Янка Купала - Олег Антонович Лойко
Целая толпа ждала белорусских писателей возле лучшей тогда виленской гостиницы «Бристоль». Впереди всех — Людас Гира. Объятия. Взволнованные первые слова встречи, несколько сосредоточенные, продуманные; с непрошеной слезинкой, скопившейся в уголке глаза, — после — в ресторане «Бристоль», в гостиничном номере Купалы после полуночи.
Рассказывает Людас Гира. Владимира Ивановича Самойло в Вильнюсе нет. Купале показывают окно его квартиры в «скворечне под крышей», как называл свое жилье на углу улиц Татарской и Людвисарской сам Владимир Иванович. «Отошел от движения, — подтверждает Людас Гира слух, дошедший до Купалы еще в Минске. — Правда, — добавляет Людас, — потом опять наладил связь с ТБШ — Товариществом Белорусской Школы, но против революции стал выступать категорически — по-толстовски: не смена внешних социальных обстоятельств изменит человека, а его внутреннее духовное перерождение. Революция ему стала видеться только в образах ампирной мебели, которую блоковские двенадцать жгут на площадях или в «буржуйках», и в образах разбитых сервизных тарелочек с розами на донышке — цветок алый, веточка зеленая…» «У кого это я их видел?» — вспоминал Купала.
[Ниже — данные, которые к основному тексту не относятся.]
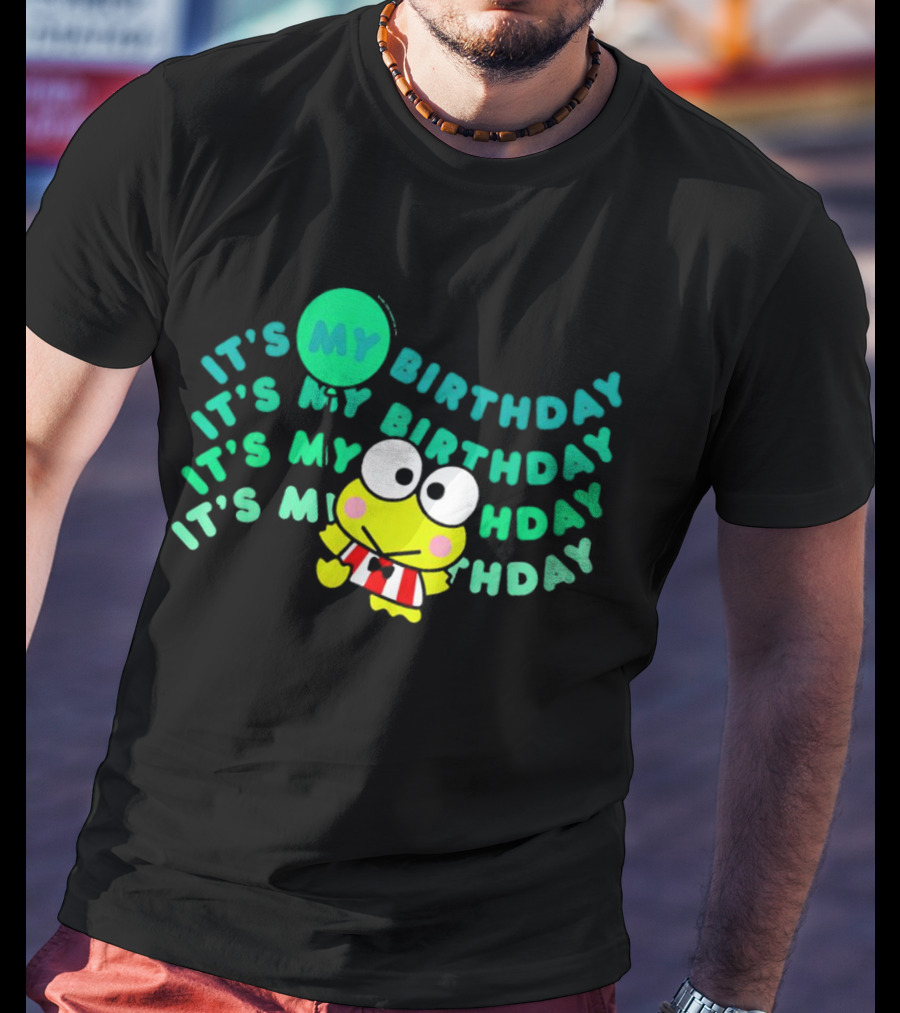 It's My Birthday It’s My Birthday It’s My Hday Keroppi T-Shirt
— А кто стал его мадонной?.. — спросил.
— Шляхтянка. Приходила сперва только стирать, кое-что готовила в «скворечне под крышей». Потом родила сына. Сын говорил только по-польски. Только по-польски в последние годы говорил и малоизвестный польский журналист, проживающий в «скворечне под крышей»…
— Пеледа, Мария, где она?
— В Каунасе. С ней там и Стасюте — наша крестница, — отвечает Людас.
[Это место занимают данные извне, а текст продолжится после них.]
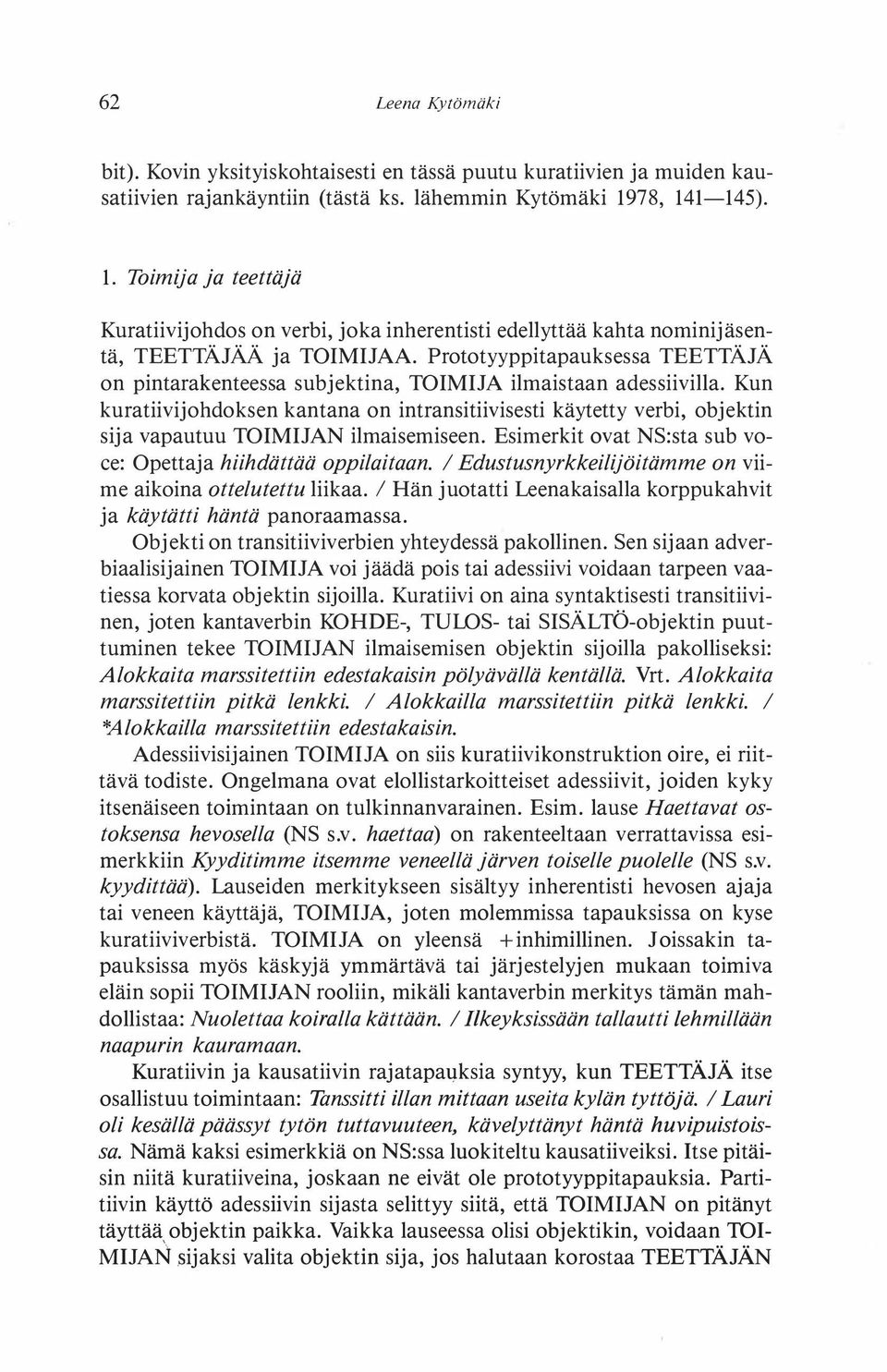 Prototyyppitapauksessa TEETTÄJÄ on pintarakenteessa subjektina, TOIMIJA ilmaistaan adessiivilla.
«Post scriptum Вильно — в Каунасе», — молча делает одно из своих жизненных заключений недавно еще такой возбужденный, а сейчас, за полночь, в номере гостиницы «Бристоль», такой притихший, грустный Купала.
— А что Лапкевич?
— Хлебом-солью встречал Красную Армию, на первом митинге в Вильно выступал с речью, а сейчас его на улицах так же не видно, как и Александра Власова… Где они, что с ними — неизвестно, как и про Владимира Самойло… Да, а знаешь ли ты, Янка, — спрашивал Людас, — может, слышал, как после твоего стихотворения отбивался Антон Лапкевич от Радослава Островского, от Акинчица, с которыми оказался было в их фашистском союзе. Антону в этом очень горячо помогал Самойло. Владимир Иванович вел гражданский суд над Островским и доказал виленской публике, что Островский и его жена, жар-псица, как ее называл Самойло, — платные агенты польских и немецких фашистов. Пришлось Островскому покинуть Вильно. Заводной все-таки был Владимир Иванович!..
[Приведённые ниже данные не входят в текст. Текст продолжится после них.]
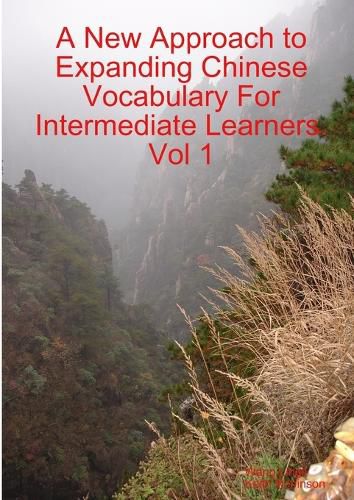 A New Approach to Expanding Chinese Vocabulary For Intermediate Learners.Vol 1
Купала слушал эти рассказы и вспоминал второго своего учителя — Бронислава Игнатьевича Эпимах-Шипилло, с которым впервые познакомился здесь же, в Вильно, в 1909 году. В июле 1933 года он навестил его с Владиславой Францевной в Ленинграде — совсем уже старенького, больного профессора. То была их последняя встреча. Выцвели пивные глаза, ой как выцвели, но радостью зажглись и они при виде ученика, Владиславы Францевны. Тогда Купала впервые познакомился с доцентом Пушкаревичем, опекуном старого профессора, о котором много слышал, но чью руку еще не пожимал. А было за что, ведь Пушкаревич еще в 1933 году начал работать над докторской по Купале и Коласу, перечеркивая фриче-бэндевские догмы литературы. Но никто не ведал в ту пору, что пути Пушкаревича и Бэнде тоже пересекутся — в блокадном Ленинграде. Пушкаревич из блокады живым не вышел, Бэнде вышел: и живым, и с ключами от квартиры на 4-й линии Васильевского острова. А после войны он даже решился защищать кандидатскую диссертацию по Янке Купале и Якубу Коласу, слово в слово повторяя все, что писал о них Пушкаревич. Сам Бэнде «перестраивался». Но плагиат был обнаружен, и вся беспринципность несостоятельной спекулятивности критика вопиюще раскрыла себя до конца. Раскрыла и не могла не раскрыть себя, как и любые спекулятивные претензии к поэзии истинной, к поэту, всегда остававшемуся и остающемуся в стократ выше их — неколебимо, монументально.
Глава двенадцатая
СЛИТЬСЯ С СОЛНЕЧНЫМ ЛУЧОМ!!!
1. МОСКВА. 7 ИЮЛЯ — 16 ОКТЯБРЯ
В Москву на своем автомобиле Купала добрался 7 июля 1941 года. Воспоминаний о Купале именно в Москве военной имеется больше всего, а из них наиболее интересные Максима Лужанина и Бориса Емельянова. Эту главу мы и начнем с воспоминаний очевидцев, и первое слово — Максиму Лужанину. Это к нему раздался звонок в день приезда Купалы в Москву, звонила Констанция Буйло.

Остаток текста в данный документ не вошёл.